We are here to talk about Civil 3D Features – Alignments, Profiles, Corridors and such. If you prefer - all of that stuff we see in the Civil 3D Toolspace. Technically speaking, these programming objects are called Features as they are collections of Objects that interact. That is Object-Oriented Programming (OOP) speak.

Whether we like it or not, the Civil 3D Features matter a lot to how we implement and employ Civil 3D in civil engineering and survey production environments. We certainly must implement Autodesk Civil 3D successfully. That means we need wrangle a set of functional Civil 3D Features into an implementation or Civil 3D Sandbox project that is separate from our actual project work.

Do you have a continuously improved Civil 3D Implementation Project?

Maybe this informative post will inspire some to do just that. The Framework for Civil 3D includes an implementation (aka Sandbox) project. By design all the Civil 3D resources listed below are included in the Framework.

This mission critical Civil 3D Implementation post remains a work in progress. The post has been updated since its original publication date.

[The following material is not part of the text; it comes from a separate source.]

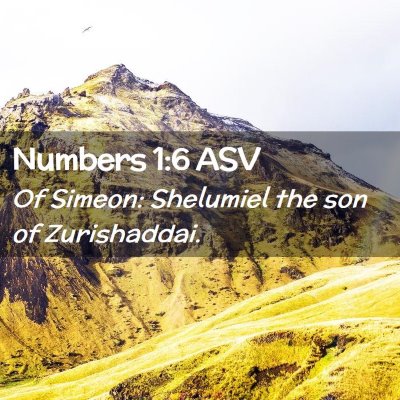 Picture 02 - Numbers 1:6 ASV - Of Simeon: Shelumiel the son of - Bible Verse Picture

Civil 3D Features - What Matters Most?

The Data centric and model-based nature of Civil 3D means that Civil 3D Features are more important than anything else. A Civil 3D Feature is where the civil engineering and survey data is stored; the method by which the Feature is displayed, annotated, and published; and where and how we create, manage, and edit the model’s data behind.

All the following statements are true and inseparable in Civil 3D.

  • Features matter most.
  • Every Feature is a collection of components (objects).
  • Features can and do interact with one another in a Dynamic Model.
  • Civil 3D Features are Collectors of properties and Managers of the interactions.
    For example: the Alignment is a Design Control Manager and not merely a supped-up polyline we employ only for horizontal control.

Unlike raw AutoCAD, the old school CAD Layer System is no longer the primary collector or Information Manager in Civil 3D.
If we miss that vital point, Civil 3D will always remain painful.

The Managed Dynamic Model

Features are (usually) contained in drawings. Survey Points are one exception. However, a Civil 3D project is not only a collection of XREFed (External Reference) drawings like a traditional CAD project or plan set.

The Civil 3D project is a managed collection of connected and/or disconnected DREF (Data References) Features and that may also include collections of XREFs and IREFs (Image References).

This current project state we call a Managed Dynamic Model.

If we consider a Managed Dynamic Model to be something static in a drawing, we miss a most important fact about Autodesk Civil 3D.

Civil 3D Project Management

The critical path task of Civil 3D project management is then about creating, editing, and managing these critical Features and their interactions. At this point in time, the Feature interactions (resolutions) occur inside drawings and/or within one of the Civil 3D Collector Features. Typical collectors include Point Groups, Surfaces, Site Parcels, Gradings, Alignments, and Corridors to name a few.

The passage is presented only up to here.